» What the task asks
Quote the whole listing exactly. Leave the pictures out of your copy.

____

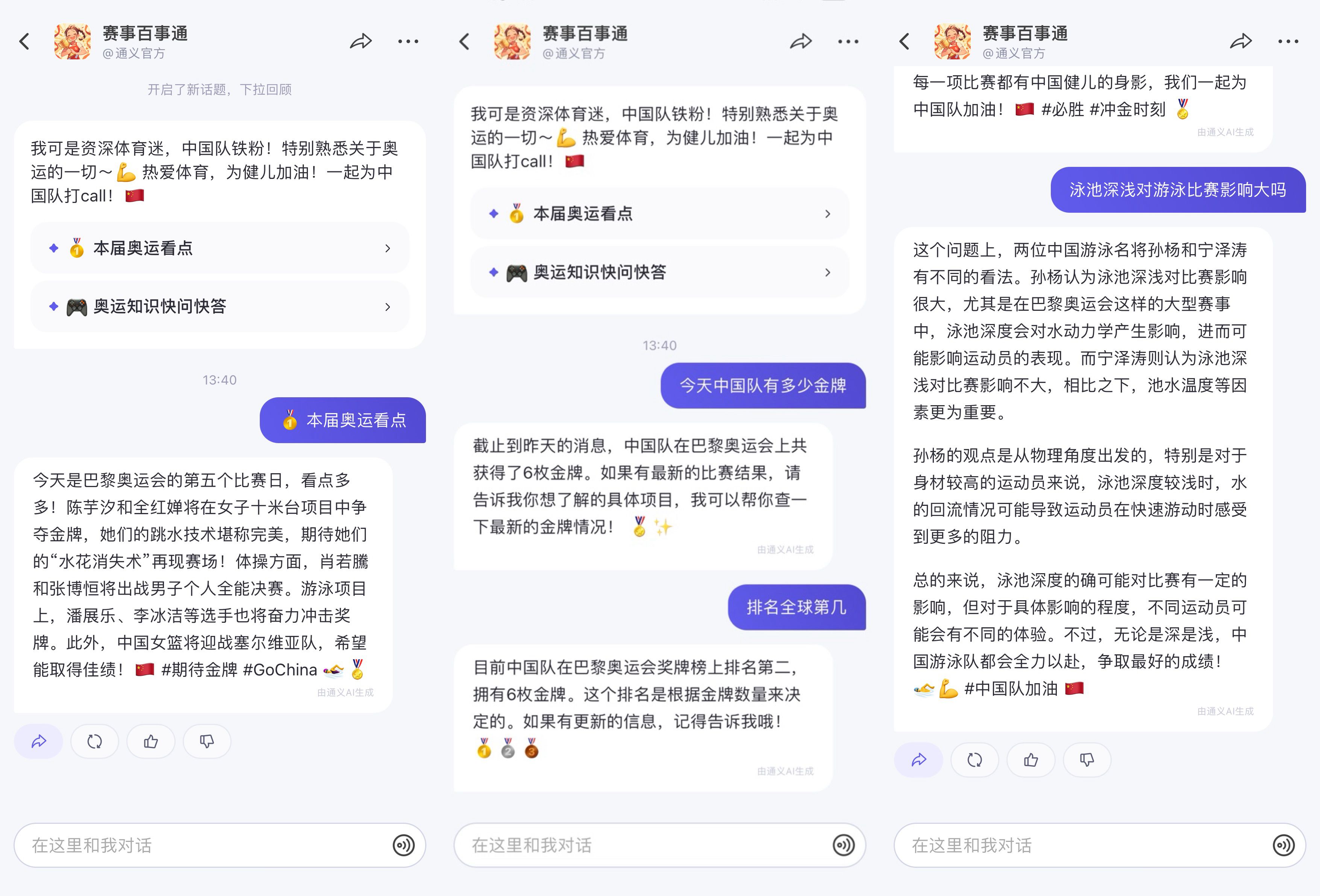阿里通义免费开放奥运AI大模型  第2张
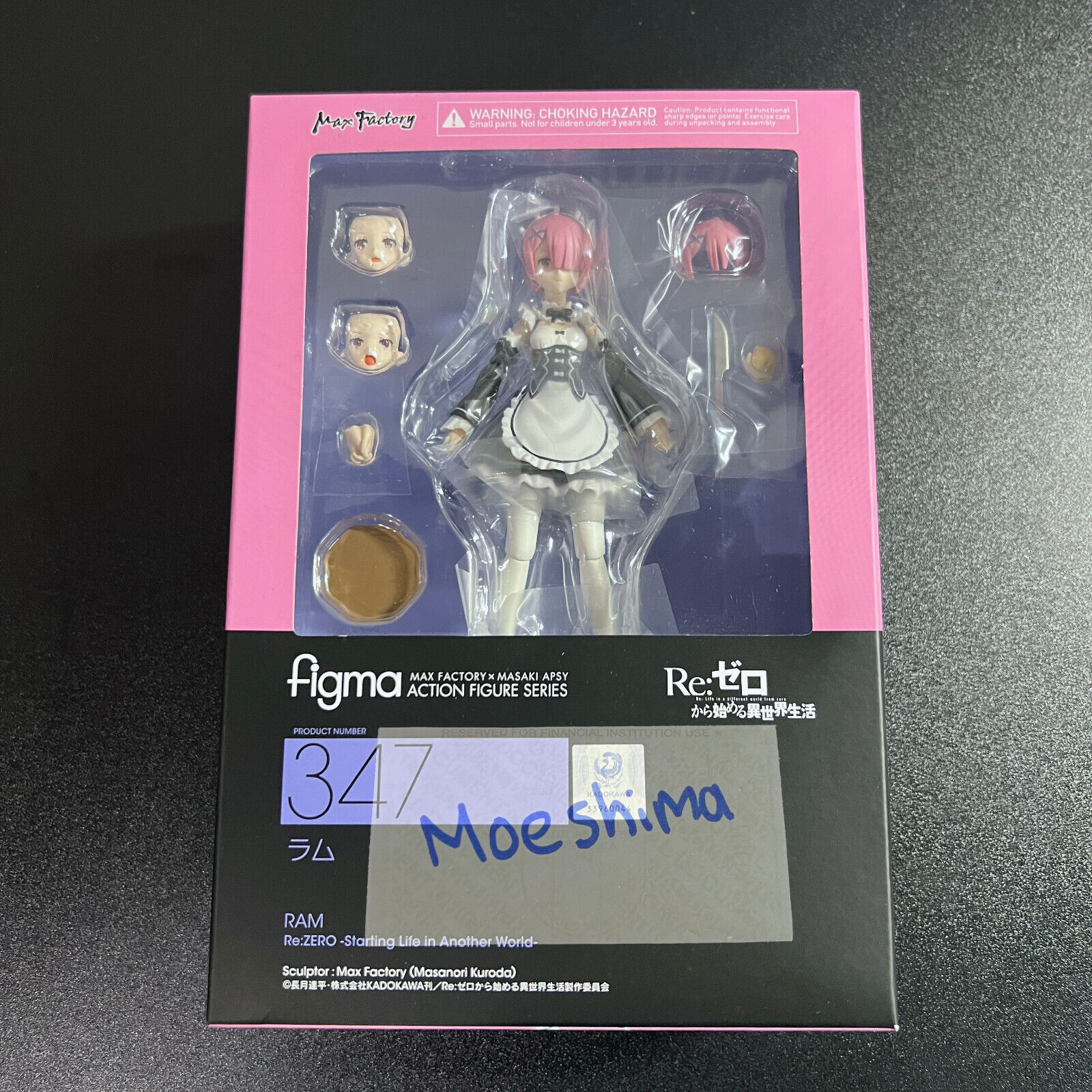 Figma Ram Re:Zero Starting Life in Another World Figure Max Factory Official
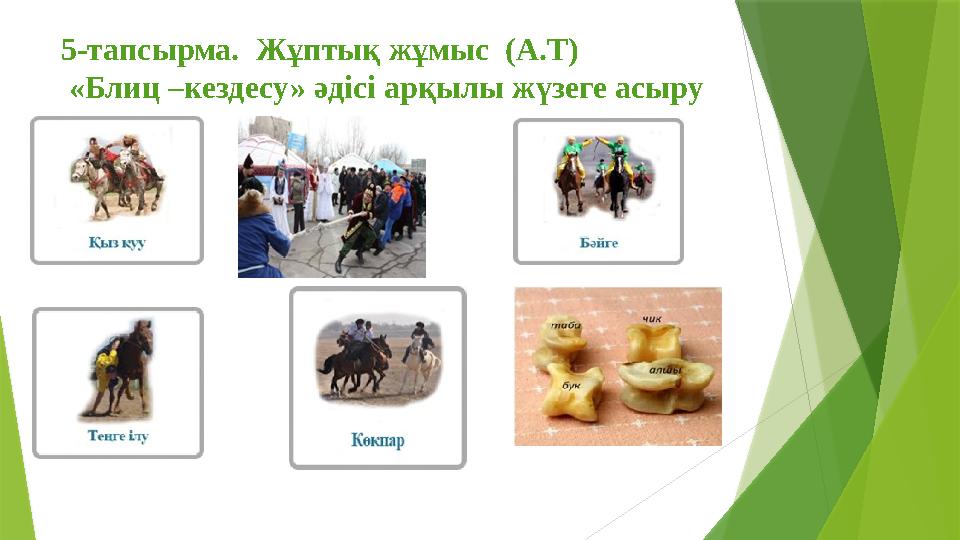 5-тапсырма. Жұптық жұмыс (А.Т) «Блиц –кездесу» әдісі арқылы жүзеге асыру 5-тапсырма. Жұптық жұмыс (А.Т) «Блиц –кездесу» әдісі арқылы жүзеге асыру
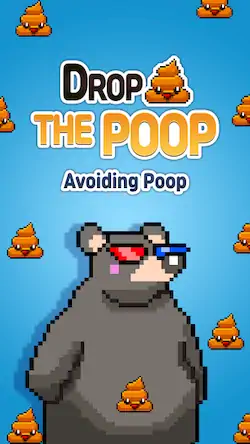 Скачать Avoiding Poop : Drop the Poop [МОД/Взлом Разблокированная версия] на Андроид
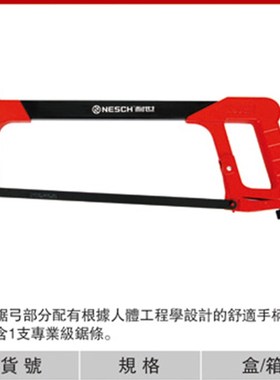 耐世工具 铝合金方管锯架 929002 12寸手锯钢锯 带锯条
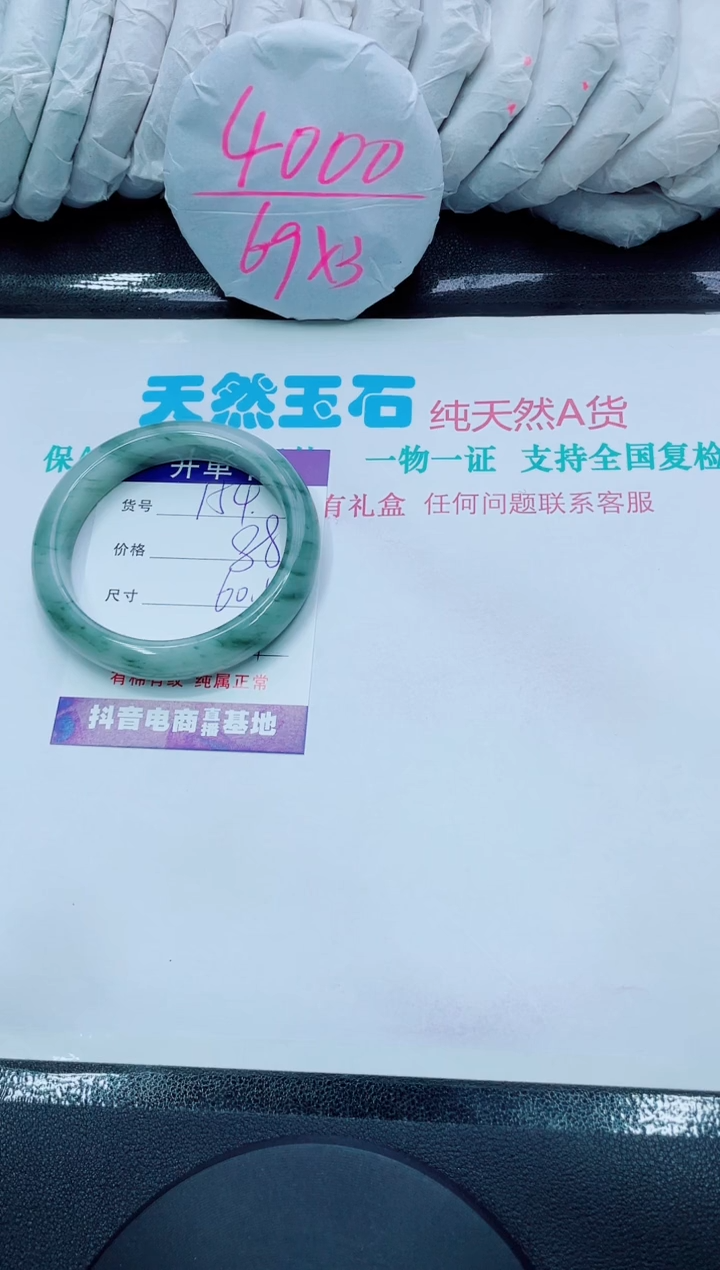 【闪购商品】石英质玉手镯未镶嵌154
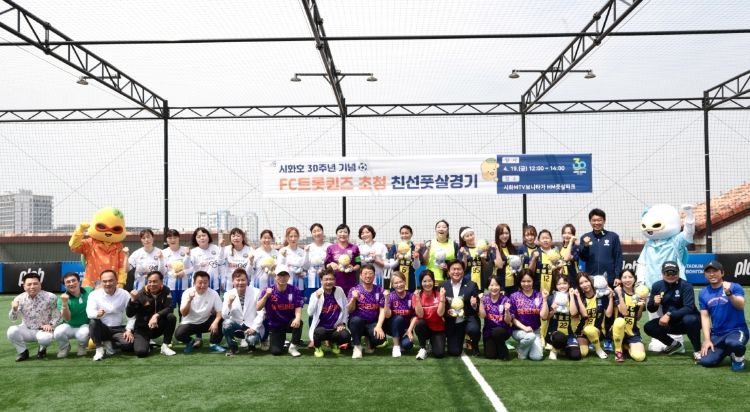 FC트롯퀸즈와 정왕해로여성축구회 친선경기 단체사진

____

» Task response
阿里通义免费开放奥运AI大模型  第2张
 Figma Ram Re:Zero Starting Life in Another World Figure Max Factory Official
 5-тапсырма. Жұптық жұмыс (А.Т) «Блиц –кездесу» әдісі арқылы жүзеге асыру 5-тапсырма. Жұптық жұмыс (А.Т) «Блиц –кездесу» әдісі арқылы жүзеге асыру
 Скачать Avoiding Poop : Drop the Poop [МОД/Взлом Разблокированная версия] на Андроид
 耐世工具 铝合金方管锯架 929002 12寸手锯钢锯 带锯条
 【闪购商品】石英质玉手镯未镶嵌154
 FC트롯퀸즈와 정왕해로여성축구회 친선경기 단체사진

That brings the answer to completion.